My first instinct is to “de-friend” him or simply block his messages. Instead, I decide to see if I’ve grown up enough to respond in a way that will calm him down without becoming incensed myself. I begin by reminding him that I don’t represent AA or any other program of recovery, that I represent only my personal experience, and that my experience has always been to ignore people who’s advice is contrary to what’s in the book Alcoholics Anonymous (a.k.a. Big Book). There, it clearly states that we are not doctors or spiritual leaders:

Alcoholics Anonymous is not a religious organization. Neither does A.A. take any particular medical point of view, though we cooperate widely with the men of medicine as well as with the men of religion.

Alcoholics Anonymous, Second Edition Foreword

And,

God has abundantly supplied this world with fine doctors, psychologists, and practitioners of various kinds. Do not hesitate to take your health problems to such persons. … Try to remember that though God has wrought miracles among us, we should never belittle a good doctor or psychiatrist. Their services are often indispensable in treating a newcomer and in following his case afterward.

Alcoholics Anonymous, 133

No one, no matter their length of sobriety, should be telling anyone in the context of recovery what to do regarding their medications, especially not a man who is clinically diagnosed with severe depression.

Unfortunately, my friend isn’t having any of it. His F-Bomb-ridden diatribe goes on for some time, until the only thing left for me to do is invite him to join me at a meeting over the weekend to see if he can’t navigate a different path within the rooms that have saved my life and done so much to make the lives of so many others worth living. The invitation—fortunately or unfortunately—ends our exchange.

The following morning, while I’m scanning some of the recovery blogs I check out when time permits, I come across a disturbing post titled, I Quit, which includes the opening sentence, “Not sobriety. AA. I’m an AA drop-out” (novodkaformama.wordpress.com). Apparently the author is at odds with her sponsor over the 8th and 9th steps. She admits she refuses to acknowledge the need to make any amends beyond the living amends she is making to her husband, her kids, her family, and her friends. Her sponsor feels she’s unwilling to go to any lengths for her sobriety because she isn’t willing to extend the list (I presume). Why this means the end of her relationship with her sponsor and why the termination of her relationship with her sponsor means she has to drop out of AA isn’t entirely clear. But again, it doesn’t matter. I know from experience that it happens … all too often.

Clearly, she is working the 9th step with those “to whom [she is] willing to make amends” (Alcoholics Anonymous, 76).  As time passes and her recovery deepens, her willingness may extend to more people, places, and institutions … or not. Either way, allowing people to drop out or slip away because they don’t conform to “our way” of practicing the steps is absolutely contrary to the solution as I’ve learned it … from the Big Book: “Our book is meant to be suggestive only. We realize we know only a little” (164).

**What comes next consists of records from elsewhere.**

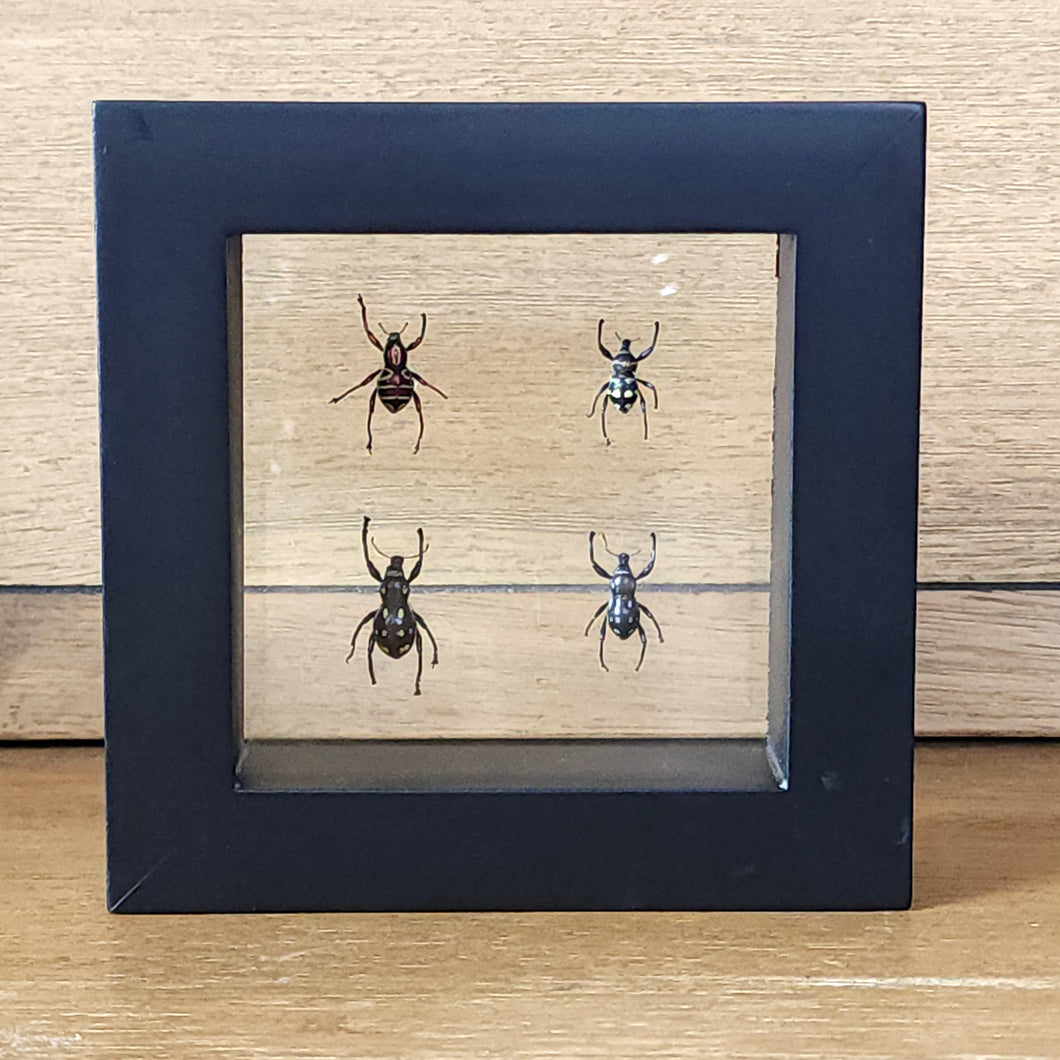 Weevil Shadow Box Frame Discounted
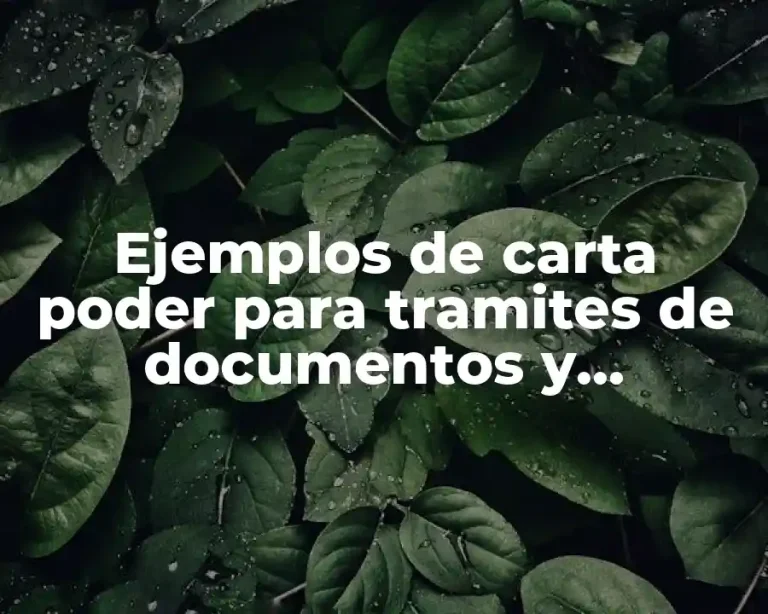 Ejemplos de carta poder para tramites de documentos y Significado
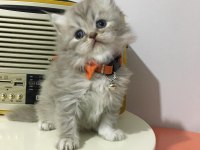 British Longhair Golden Ve Red Point Yavrularımız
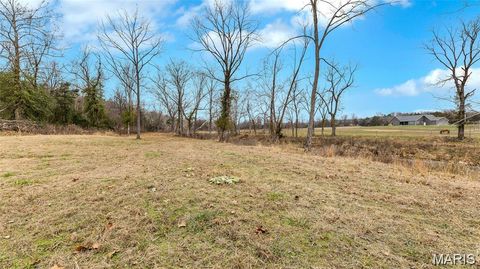 Tiny photo for 3700 State Road V, De Soto, MO 63020 (MLS # 26026463)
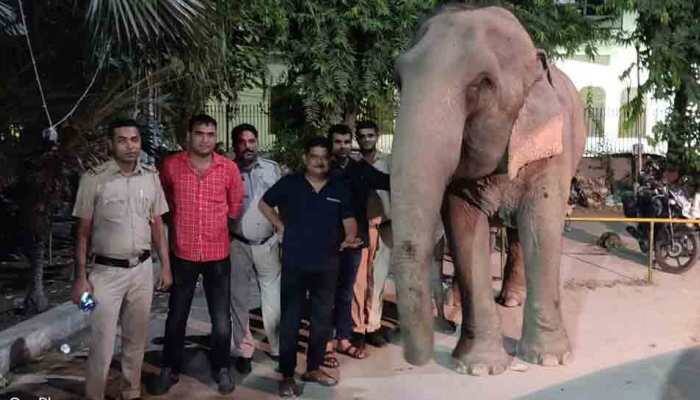 Missing Delhi elephant Laxmi traced with caretaker after two months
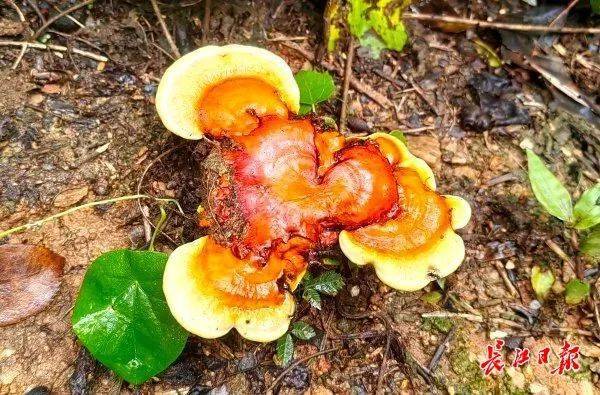 皇冠信用网会员注册网址_湖北武汉周边山地长出大量灵芝皇冠信用网会员注册网址，官方提醒请勿随意入口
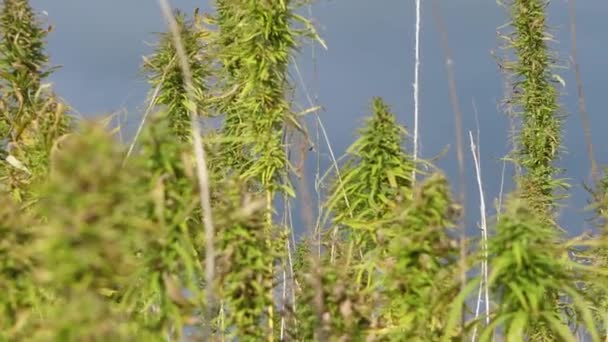 室外农田里的大麻植物 药物大麻田种植 在户外种植非法麻醉品作物 — 图库视频影像
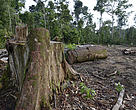 O desmatamento na Amazônia Legal aumentou 64% nos primeiros sete dias de maio de 2020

Sponsorship is clearly serious, and often risky, business. I’ve been taught from Day #1 that all I have is my own experience, strength, and hope as it relates to my recovery. I sponsor eight men with varying lengths of sobriety, from one who clearly is not yet sober to another who has nearly as much time sober as I do … and all points in between. Do I refuse to sponsor the man who continues to show up drunk after brief periods of sobriety? No. I continue to work Step 1 with him because he continues to show a desire to stop drinking, the only requirement for membership in our program. Thank God I learned that from the people who continued to work with me during the seven-plus years I bounced in and out of the rooms of Alcoholics Anonymous with little more than a desire to stop drinking and oftentimes less than a day of sobriety. Had those patient, loving, and tolerant souls written me off because I “didn’t get it” or “do it” their way right away, you’d be reading a different blogger right now.

Every Sunday before our home group meeting, the men I sponsor and I gather to set up the meeting and then discuss the steps and traditions. Our meeting-before-the-meeting often includes discussions (but only in the context of the steps and traditions) that might be described as spiritual, medical, psychological, political, financial, marital, and as often as not, controversial. I‘ve had medical, legal, and financial problems in my day; I’ve also walked through divorce once as an untreated alcoholic and once as a recovering alcoholic. Nonetheless, I would never play doctor, lawyer, or financial planner with any one of these men, and the closest thing I provide to advice regarding marriage or divorce is the phone number of the counselor or the lawyer I used when I found myself in similar circumstances. That doesn’t mean we don’t talk at length about what I went through or what they’re currently going through on a daily basis; it does mean, however, that our discussions are framed by the steps and how the steps guided me and may guide them through their decisions and their actions.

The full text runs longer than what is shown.